> _TASK INPUTS_
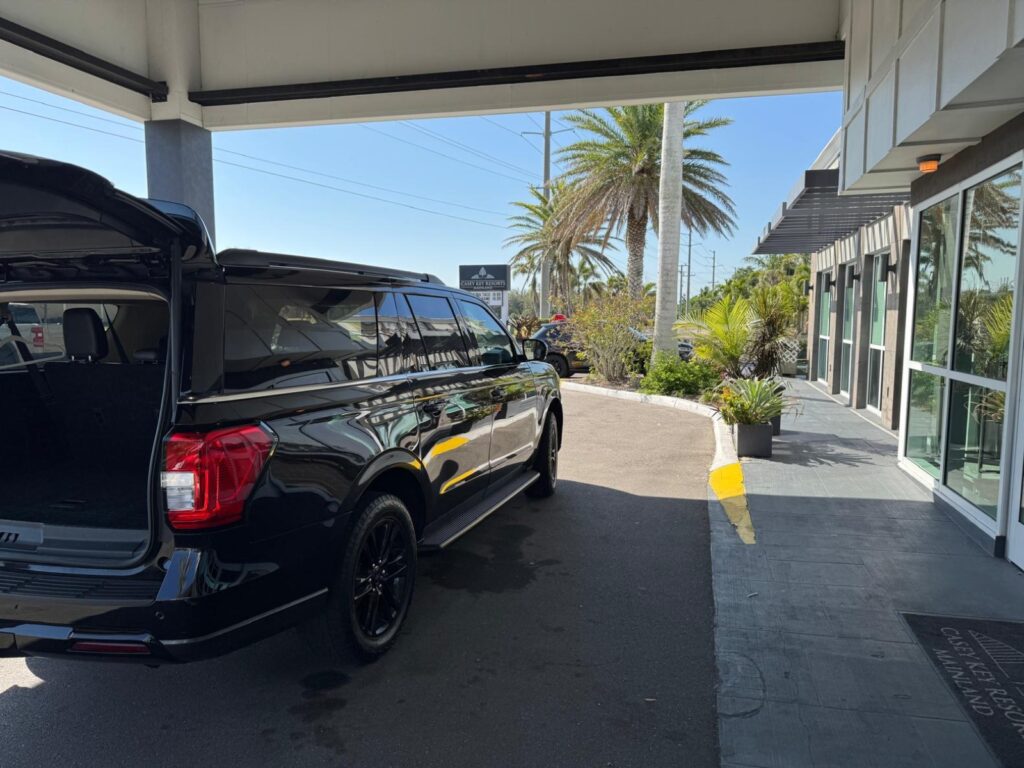 Limo Service Bradenton
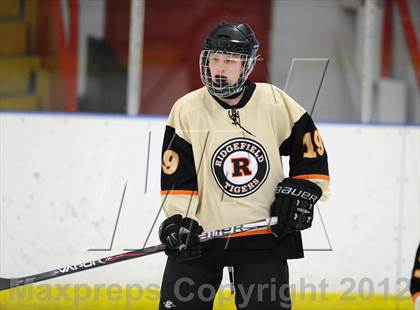 Thumbnail 1 in Ridgefield vs. Xavier (Carrano Cup Quarterfinal) photogallery.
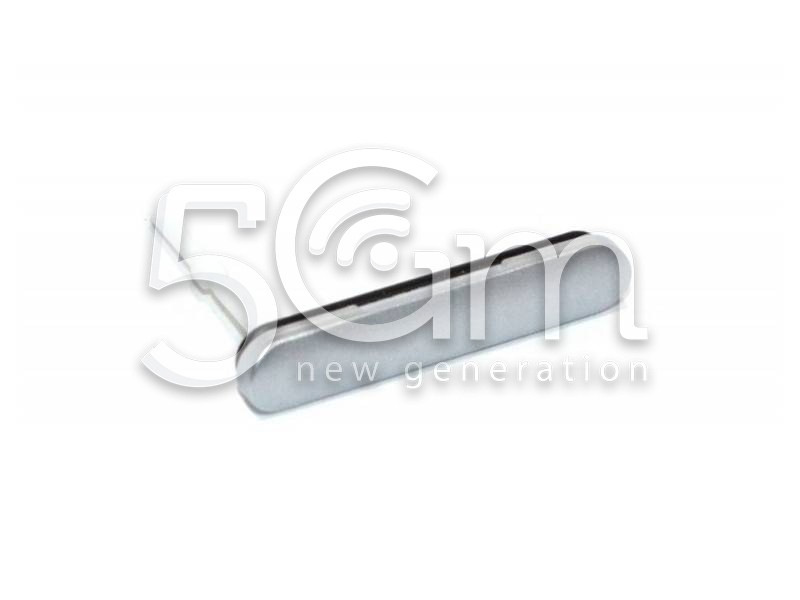 Xperia M4 E2303 White SS Sim Port Cover 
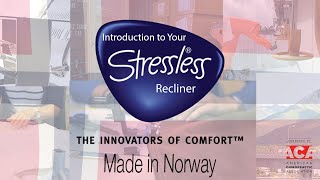 Intro to Your New Stressless Recliner [upl. by Lorenzo]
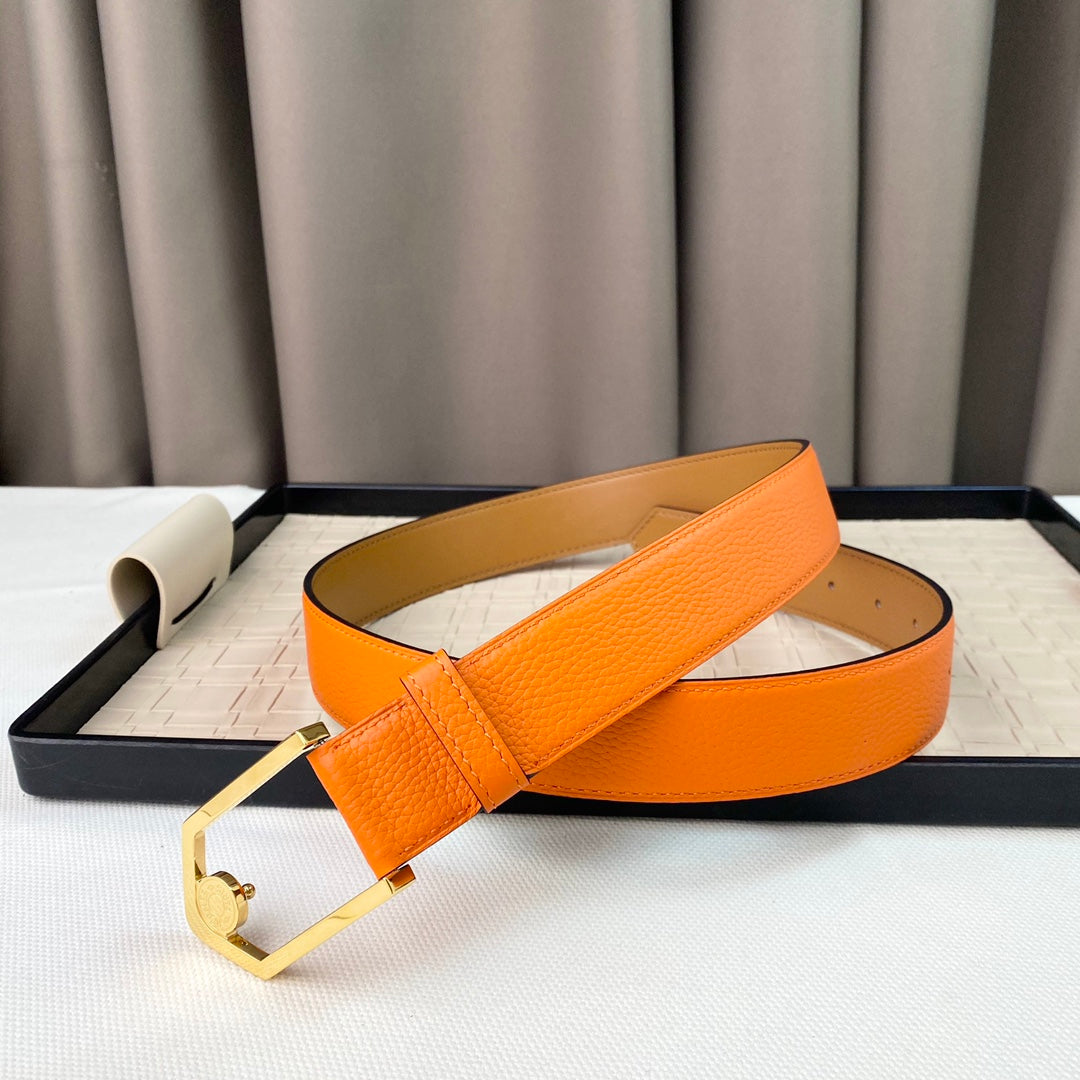 14H107PDE Stylish High quality belt With full package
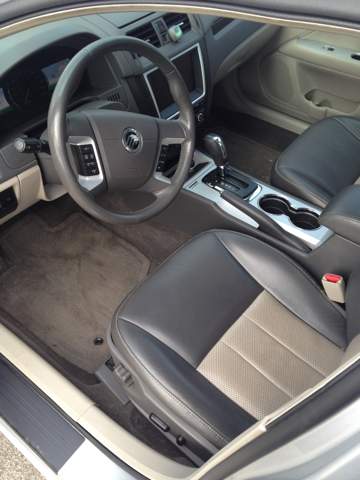 2010 Mercury Milan Hybrid 3.5tl W/tech Pkg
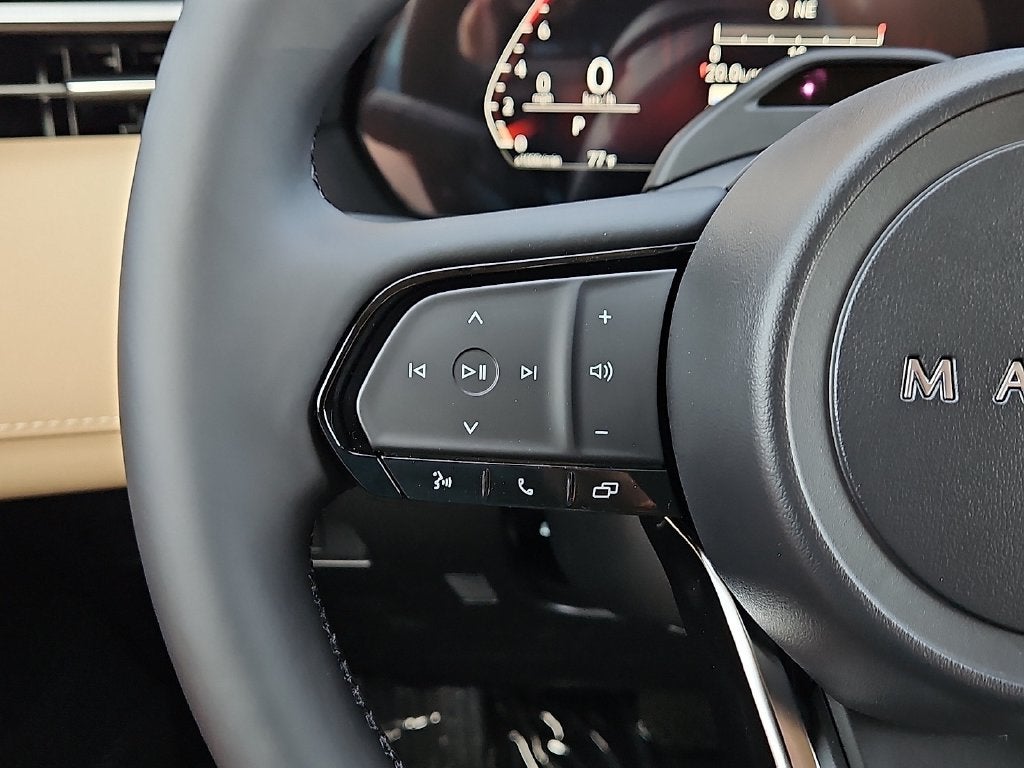 2026 Mazda Mazda CX-5 2.5 S Premium Plus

> _WHAT NEEDS TO BE DONE_
Write out again only the lines from the line that contains "Xperia M4 E2303 White SS Sim Port Cover" through the last line of the records, both ends included, without any of the pictures.

> _EXERCISE RESPONSE_
 Xperia M4 E2303 White SS Sim Port Cover 
 Intro to Your New Stressless Recliner [upl. by Lorenzo]
 14H107PDE Stylish High quality belt With full package
 2010 Mercury Milan Hybrid 3.5tl W/tech Pkg
 2026 Mazda Mazda CX-5 2.5 S Premium Plus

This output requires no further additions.